Compression: The above lubricated blend was pressed into Lozenges.

Example 3: Package Stability of Lozenges

Lozenges were stored in the Blisters at 40°C and 75% relative humidity. At various time points, samples were withdrawn from the packaging and analyzed for the degradation products (impurities). Determination of degradation products was carried out by reversed phase HPLC. All the related substances i.e. cotinine, myosmine, ( G S,2' S)-Nicotine- 1 '-N-oxide, (TR,2' S)-Nicotine- 1 '-N-oxide, pseudooxynicotine, and nornicotine/anatabine were well separated from each other and other excipients. The method is stability indicating and completely validated for all parameters like specificity, linearity, precision, accuracy, robustness and solution stability. The LOD/LOQ values for all the compounds were also established. Stability results for PVC/ACLAR are shown in Table 1 below.
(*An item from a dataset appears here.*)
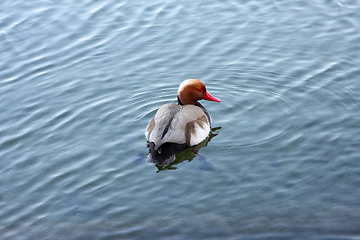 Image showing duck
It was observed during stability studies that impurities are well below the normal limits.

One skilled in the art will appreciate readily that the present invention is well adapted to carry out the objects and obtain the ends and advantages mentioned, as well as those objects, ends and advantages inherent herein. Changes therein and other uses which are encompassed within the spirit of the invention as defined by the scope of the claims will occur to those skilled in the art.